There are two things to keep in mind if you would know the climate future. The first is that, as scientific statesman John Holdren likes to say, it will come to us as a mixture of mitigation, adaptation, and suffering. The second is that the suffering will be disproportionately visited upon the poor and the innocent.

Where once there was constant recourse to “this storm/drought/surge is consistent with global warming,” we’re now increasingly likely to hear “this storm/ drought/surge would not have happened without global warming.”

Hold these thoughts when considering the massive tome just issued by the IPCC’s Working Group II. (The much briefer Summary for Policymakers, or SPM, is here). Working Group II (or “WG2” for short) is the part of the International Panel on Climate Change – the largest, most sustained, and arguably most important peer-reviewed scientific enterprise in history – which is focused on understanding climate-change related “impacts, adaptation, and vulnerability.” Its report, released on Monday, comes halfway though the year-long roll-out of the three volume set that together make up the IPCC’s “Firth Assessment Report.”

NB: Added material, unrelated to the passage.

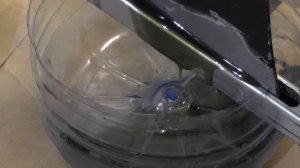 Как поменять масло в редукторе лодочного мотора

Volume I is focused on climate science in itself – the “physical science basis” of the crisis. It was released in September and can be found here. Volume III, due out later this month, is focused on mitigation – that is, on what the nations of the world can do to slow and then, hopefully, stop greenhouse gas emissions.

Since the release of WG1’s report in late 2013 has perhaps faded from memory, it’s useful to recall it and to pause to appreciate that WG1 did its job well. In fact, it’s not too much to say that the first volume, coming at a time when climate denialism was already sagging, gave us a fine marker of its now accelerating decline. It did so by stepping past the contrived denialist shitstorm that was “Climategate” with a decisive summary and restatement of our increasingly firm – and increasingly grim – understandings.